Every line of the records below from the line with "Outsunny 74x55x155cm Garden" up to and including the line with "Homemissing Dinosaure Housse" must be reproduced exactly, and no line outside that range.

> [MATERIAL PROVIDED]
%%
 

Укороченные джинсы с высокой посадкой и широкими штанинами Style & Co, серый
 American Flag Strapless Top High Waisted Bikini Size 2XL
%%
%%
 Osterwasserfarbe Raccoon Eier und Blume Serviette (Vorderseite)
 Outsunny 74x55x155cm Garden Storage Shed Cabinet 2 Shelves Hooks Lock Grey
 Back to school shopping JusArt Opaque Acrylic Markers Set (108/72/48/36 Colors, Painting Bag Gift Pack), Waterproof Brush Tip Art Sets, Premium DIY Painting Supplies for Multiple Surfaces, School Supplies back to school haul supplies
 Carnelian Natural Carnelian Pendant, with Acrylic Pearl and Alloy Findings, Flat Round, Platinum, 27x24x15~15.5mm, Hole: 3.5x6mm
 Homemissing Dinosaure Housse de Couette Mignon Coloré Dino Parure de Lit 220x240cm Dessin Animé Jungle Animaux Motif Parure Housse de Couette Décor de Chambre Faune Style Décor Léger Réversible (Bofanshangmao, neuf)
%%
%%
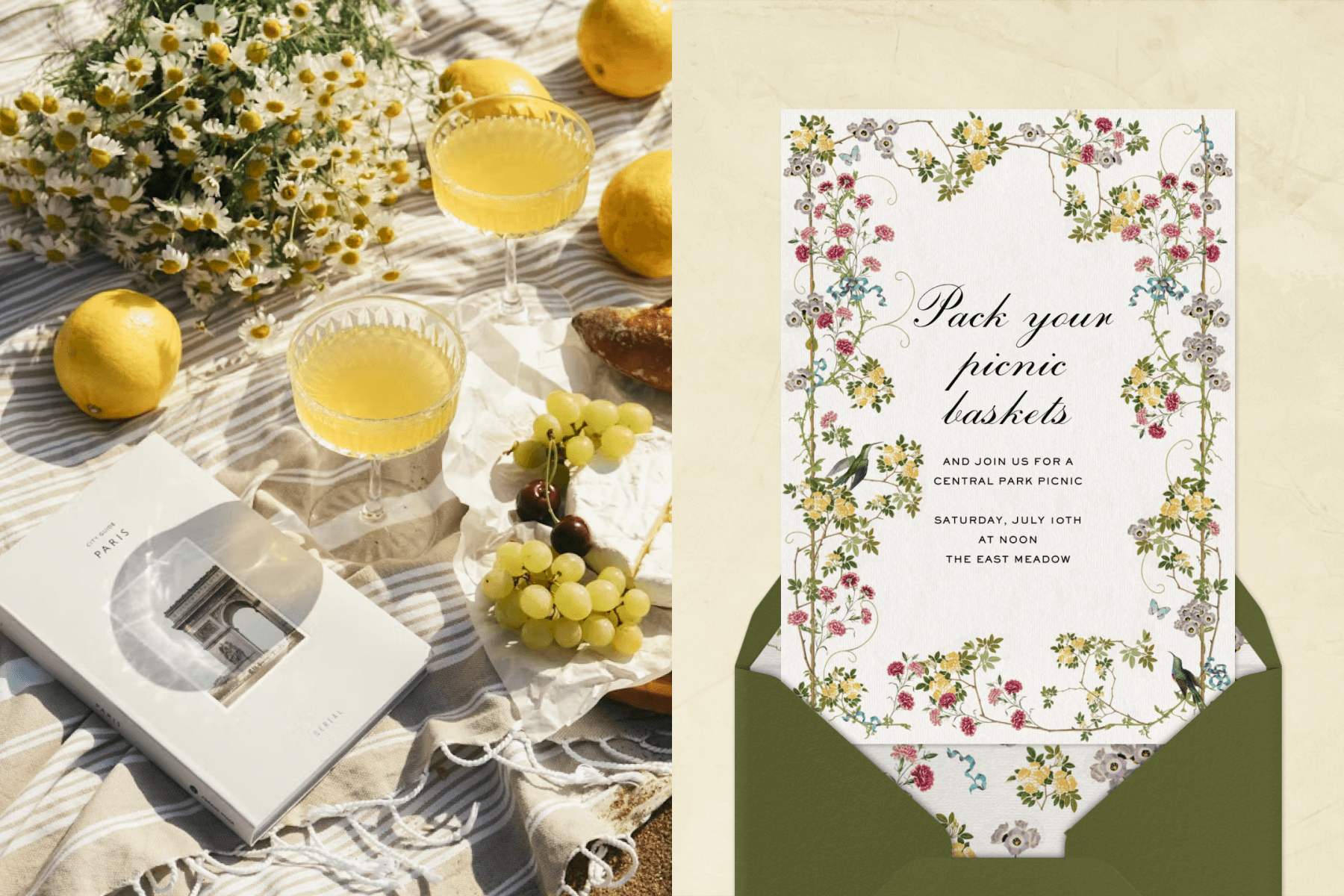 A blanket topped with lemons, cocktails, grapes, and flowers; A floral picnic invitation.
%%
> [ANSWER SECTION]
 Outsunny 74x55x155cm Garden Storage Shed Cabinet 2 Shelves Hooks Lock Grey
 Back to school shopping JusArt Opaque Acrylic Markers Set (108/72/48/36 Colors, Painting Bag Gift Pack), Waterproof Brush Tip Art Sets, Premium DIY Painting Supplies for Multiple Surfaces, School Supplies back to school haul supplies
 Carnelian Natural Carnelian Pendant, with Acrylic Pearl and Alloy Findings, Flat Round, Platinum, 27x24x15~15.5mm, Hole: 3.5x6mm
 Homemissing Dinosaure Housse de Couette Mignon Coloré Dino Parure de Lit 220x240cm Dessin Animé Jungle Animaux Motif Parure Housse de Couette Décor de Chambre Faune Style Décor Léger Réversible (Bofanshangmao, neuf)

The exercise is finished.